4.  What trends are likely to emerge on the demand side of the food system in the UK, in terms of consumer taste and habits, and what will be their main effect? What use could be made of local food networks?

  4.1.  Consumer tastes and habits will be altered, not by free choice but as some foods become prohibitively expensive. There will be an emphasis upon local meats, vegetables and fruits—accessibility and price will tend to dictate eating habits and there will be a return to seasonal food. Local food networks will be useful in facilitating access to produce but will need to be developed to incorporate a large expansion in local production.

5.  What role should Defra play both in ensuring that the strengths of the UK food system are maintained and in addressing the weaknesses that have been identified? What leadership and assistance should Defra provide to the food industry?

  5.1.  Defra needs to accept the impending problems of food insecurity and explore some novel options:

  5.1.1.  Defra should have contingency planning for events such as interrupted food imports or oil and natural gas supplies cannot be guaranteed. The suggested key priority will be the development of long term supplies of sufficient energy, food and water for all UK citizens. This will entail some "out-of-the-box" thinking and planning. Some suggestions for how UK agriculture might secure food supplies for the future are listed below. The needs of citizens for energy and water are also considered en passant, since all three are interrelated.

  5.1.2.  Urban food security needs to be considered as a priority given this is where most UK citizens live. It is suggested that urban-wide food production plans would be needed but that the implementation would focus upon self-organised and motivated local groups of citizens (approximately 500 people per group) in adjoining housing, who aim for a large measure of self sufficiency in energy, food and water by means of a sophisticated integration of:

(i) Organic societal waste streams—processed via anaerobic digestion (AD) for methane fuel (one commercial AD unit should provide sufficient methane to generate electricity for approximately 500 people in 250 houses)—additional methane for motive power (petrol engines can easily be adapted to run on methane)—and subsequent composting of digestate as a fertilizer;

(ii) Communal food production in all available spaces, subject to soil testing for freedom from contaminants—using intensive, raised-bed and protected cropping (e.g. polythene tunnel or equivalent) techniques and also composts as fertilizer from (i) above;

(iii) Micro livestock, as detailed below;

(iv) Water harvesting from houses and also the development of micro reservoirs where possible. There are some associated retro-fit policies needed for housing but those are outside the scope of this Defra inquiry and so are not detailed here.

  5.1.3.  The production detailed above for urban areas would need to stretch outside each city and town. The size of this peri-urban zone would depend upon population size and efficiency of production. In both urban and peri-urban areas, micro-livestock maintenance would be an integral part of food production, absorbing organic wastes, being able to live in relatively small areas and growing relatively quickly.
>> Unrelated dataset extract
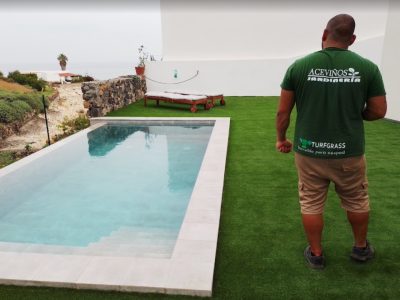 aceviños jardinería instalanción césped artificial en zona pisicina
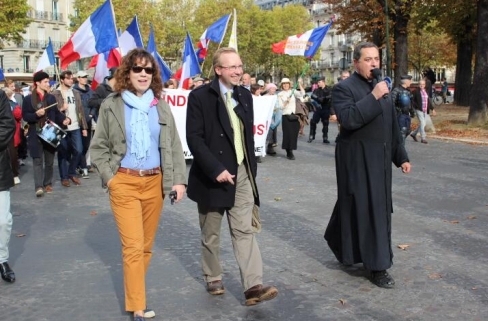http://jeune-nation.com/wp-content/uploads/2013/10/civitas-52.jpg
Examples are pigs and chickens, though others could include goats, rabbits etc.

  5.1.4.  Overall, rural agricultural land in the remainder of the UK and outside urban areas would also need to be re-assessed. Upland areas would always present relatively low production potential but need to continue to be managed, albeit extensively. It is recommended that the management of lower altitude rural land would need some fundamental changes if its food production potential was to be maximised:

(i) Previous studies on low-input production and a wealth of knowledge and experience from organic farming would need to be re-visited and incorporated as a reference data base. However, this would not be sufficient—nobody has attempted to manage a modern mixed farm with machinery but lacking external fossil inputs and such developments would be mostly novel;

(ii) Existing knowledge indicates that farming without fossil inputs would depend in part upon maximising the efficiency of nutrient cycling and this is known to be facilitated by the presence of livestock (especially cattle and sheep). Thus, most rural stockless UK farms would need to consider the re-introduction of livestock;

(iii) As indicated above there would also need to be a priority to encourage rapid increases in SOM, though re-introducing livestock will assist this.

  5.1.5.  The above developments will lead to new commercial enterprises—it is suggested that trading would become increasingly localised and potentially vigorous. Small and Medium Enterprises (SMEs) would have an important part to play, both in urban and rural areas. New employment opportunities would arise, requiring new skill sets.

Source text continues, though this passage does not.